抱えていた紙袋を持ちなおして、荷物に視線を落とした彼はため息を吐いた。白くけぶった吐息が、とろけるようなオレンジ色の光の下に吐き出される。
こつこつこつ。止まっていた足が、もう1度動き出す。ブーツの底は、足早に石畳を叩き続けた。リズミカルな音に紛れて、彼の耳に入れたイヤホンから微かに漏れる音楽が寂しい路上に閃く。人っ子一人いなかった。


しばらく歩き続けて、ふと、彼は足を止めた。
遠くの光すら届かない、街の隅。その闇の中に見慣れた3つの影が揺らめいていて。すると、止まった足音に気づいたのか、その中の1人が振り返った。


「あ、十朱。やっと来たの〜?」


影は、にっこりと笑みを浮かべて手招きをする。彼、十朱も呆れたようにため息を吐いて、彼らの方に近づいた。

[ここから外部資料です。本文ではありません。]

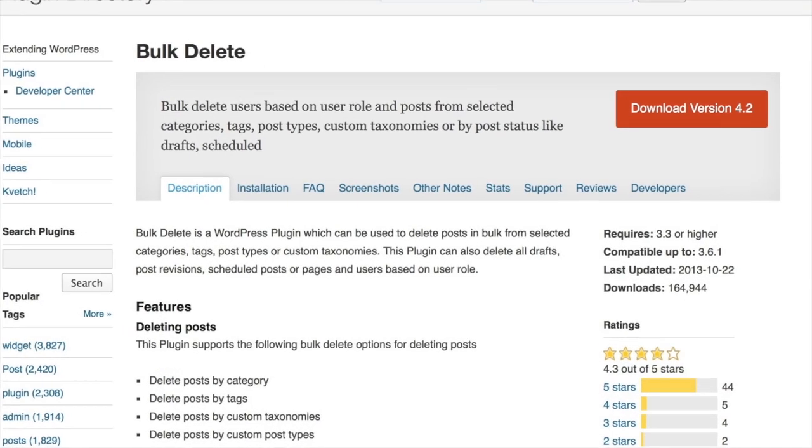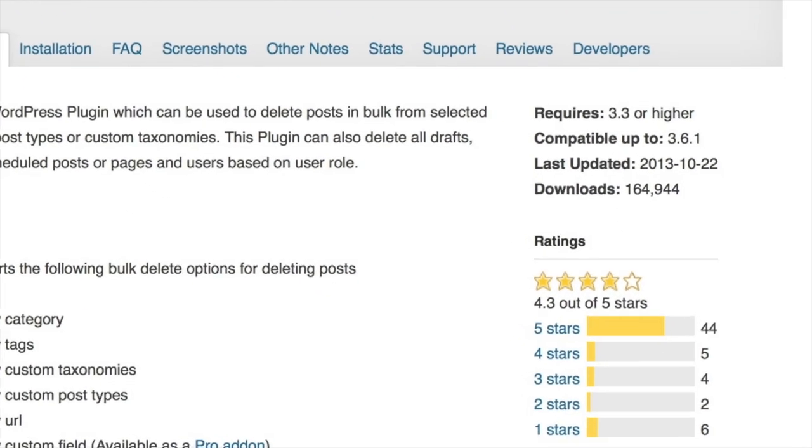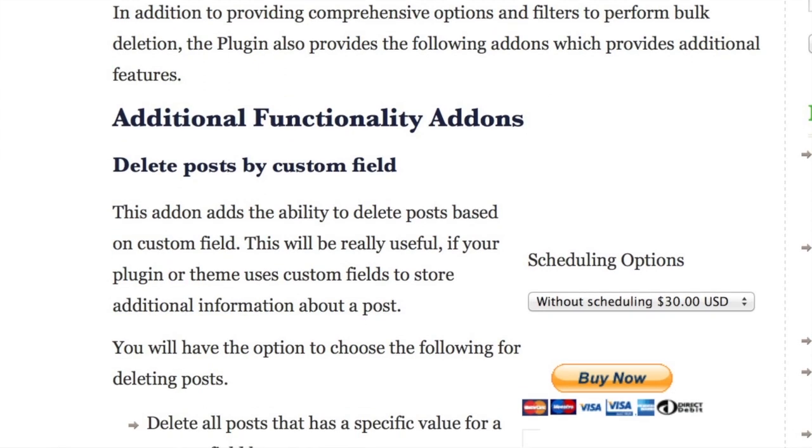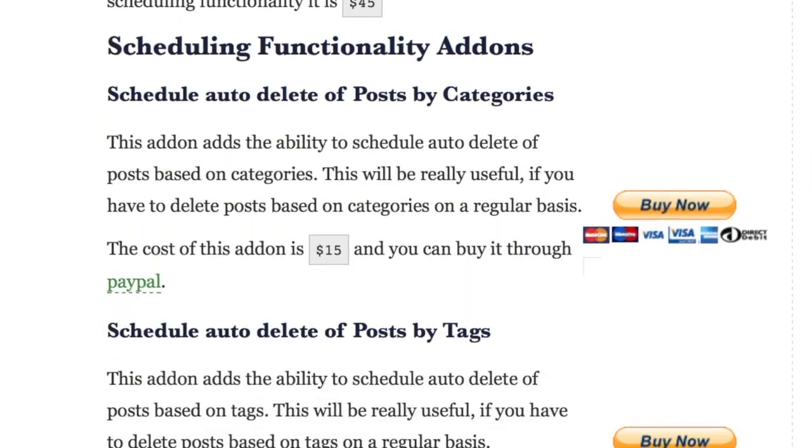The one I like is Bulk Delete — and it's not just posts, it's posts, pages, users, custom post types, posts by category and by tags. It has 165,000 downloads and 4.3 out of 5 stars in the repo. You can delete just all drafted posts, all pending posts — down to that granular level. You can filter by how old the posts or pages are, move them to trash, or delete permanently. You can even schedule recurring deletes, like putting out a post and having it disappear after a week or two to create urgency on your page.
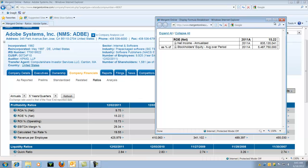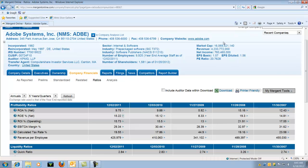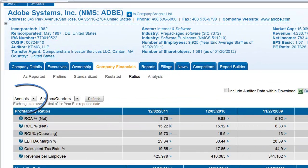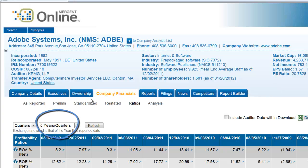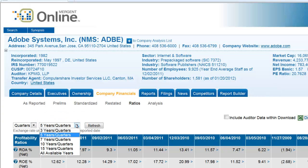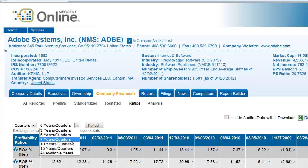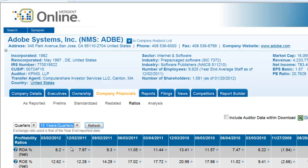You can also view different results. You can change results from annual to quarterly — just select the drop box next to annual and change it to quarterly, and choose Refresh. You can also choose different years to view. Just change the five years' quarters to whatever you'd like to look at, and select the Refresh button.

途中、外されたイヤホンから零れた、違う言語の歌が暗い通りに反芻して。ぴくりと空気が震えた。


「・・・ホラ、持ってきてやったぞ」


十朱が持っていた紙袋は放り投げられると、その中身をひとつも零さずに甘舌舐の腕の中に収まった。甘舌舐は、紙袋を受け取ると、子供のような笑顔を浮かべて中身を漁る。それを横目で睨んでいるのは、さっきまで屈んで何か作業をしていた百百だった。


「こんなもん、一体何に使うんだよ?」
「えー十朱、今日がなんの日か知らないのー?」
「うるさい、影」
「べつにいーじゃん。みんなでやろうよ」
「・・・甘舌舐、いい加減もういいんじゃねーの?待ちくたびれた」


百百が、嬉しそうに紙袋を抱えている甘舌舐に尋ねる。甘舌舐は、吊り上った口元を歪めて、真っ赤な舌舐めずりをした。がちゃがちゃと石畳の上に、紙袋の中身をばら撒いて満足そうに目元を細める。


「ふふっ・・・じゃあ、始めようか」


4人は、ぐるりと1人のボロボロになった男を取り囲むように屈んだ。さらに闇が濃く、深くなる。どこかで、マッチを擦る音がした。恐怖が張り付いた男の顔を照らし出すのは、1本の蝋燭の明かりだった。呆気なく垂れた蝋が湿った石畳にじゅうっと音を立てる。


「Trick or Treat・・・お菓子をくれなきゃ、悪戯するぞ?」


ある意味、猟奇的すら見え隠れする表情の甘舌舐が大きく見開かれた男の瞳に映りこむ。そして、たらり、蝋が音もなくその眼球に、吸い込まれた。